Database (DB) Definition
A database is a collection of information that is organized so that it can be easily accessed, managed and updated.
Data is organized into rows, columns and tables, and it is indexed to make it easier to find relevant information. Data gets updated, expanded and deleted as new information is added. Databases process workloads to create and update themselves, querying the data they contain and running applications against it.
Computer databases typically contain aggregations of data records or files, such as sales transactions, product catalogs and inventories, and customer profiles.
Typically, a database manager provides users with the ability to control read/write access, specify report generation and analyze usage. Some databases offer ACID (atomicity, consistency, isolation and durability) compliance to guarantee that data is consistent and that transactions are complete.
Databases are prevalent in large mainframe systems, but are also present in smaller distributed workstations and midrange systems, such as IBM’s AS/400 and personal computers.
Evolution of databases
Databases have evolved since their inception in the 1960s, beginning with hierarchical and network databases, through the 1980s with object-oriented databases, and today with SQL and NoSQL databases and cloud databases.
In one view, databases can be classified according to content type: bibliographic, full text, numeric and images. In computing, databases are sometimes classified according to their organizational approach. There are many different kinds of databases, ranging from the most prevalent approach, the relational database, to a distributed database, cloud database or NoSQL database.
Relational database
A relational database, invented by E.F. Codd at IBM in 1970, is a tabular database in which data is defined so that it can be reorganized and accessed in a number of different ways.
The Structured Query Language (SQL) is the standard user and application program interface for a relational database. Relational databases are easy to extend, and a new data category can be added after the original database creation without requiring that you modify all the existing applications.
Distributed database
A distributed database is a database in which portions of the database are stored in multiple physical locations, and in which processing is dispersed or replicated among different points in a network.

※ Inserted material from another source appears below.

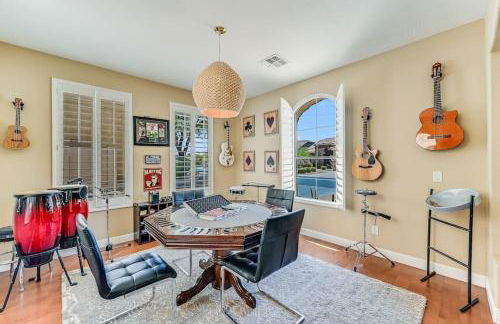 Gorgeous Resort Home -Right off the back nine! - Foto 8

Distributed databases can be homogeneous or heterogeneous. All the physical locations in a homogeneous distributed database system have the same underlying hardware and run the same operating systems and database applications. The hardware, operating systems or database applications in a heterogeneous distributed database may be different at each of the locations.
Cloud database
A cloud database is a database that has been optimized or built for a virtualized environment, either in a hybrid cloud, public cloud or private cloud. Cloud databases provide benefits such as the ability to pay for storage capacity and bandwidth on a per-use basis, and they provide scalability on demand, along with high availability.
A cloud database also gives enterprises the opportunity to support business applications in a software-as-a-service deployment.
NoSQL database
NoSQL databases are useful for large sets of distributed data.
NoSQL databases are effective for big data performance issues that relational databases aren’t built to solve. They are most effective when an organization must analyze large chunks of unstructured data or data that’s stored across multiple virtual servers in the cloud.
Object-oriented database
Items created using object-oriented programming languages are often stored in relational databases, but object-oriented databases are well-suited for those items.
An object-oriented database is organized around objects rather than actions, and data rather than logic. For example, a multimedia record in a relational database can be a definable data object, as opposed to an alphanumeric value.
Graph database
A graph-oriented database, or graph database, is a type of NoSQL database that uses graph theory to store, map and query relationships. Graph databases are basically collections of nodes and edges, where each node represents an entity, and each edge represents a connection between nodes.
Graph databases are growing in popularity for analyzing interconnections. For example, companies might use a graph database to mine data about customers from social media.
Accessing the database: DBMS and RDBMS
A database management system (DBMS) is a type of software that allows you to define, manipulate, retrieve and manage data stored within a database.
A relational database management system (RDBMS) is a type of database management software that was developed in the 1970s, based on the relational model, and is still the most popular way to manage a database.
Microsoft SQL Server, Oracle Database, IBM DB2 and MySQL are the top RDBMS products available for enterprise users. DBMS technologies began in the 1960s to support hierarchical databases, and they include IBM’s Information Management System and CA’s Integrated Database Management System.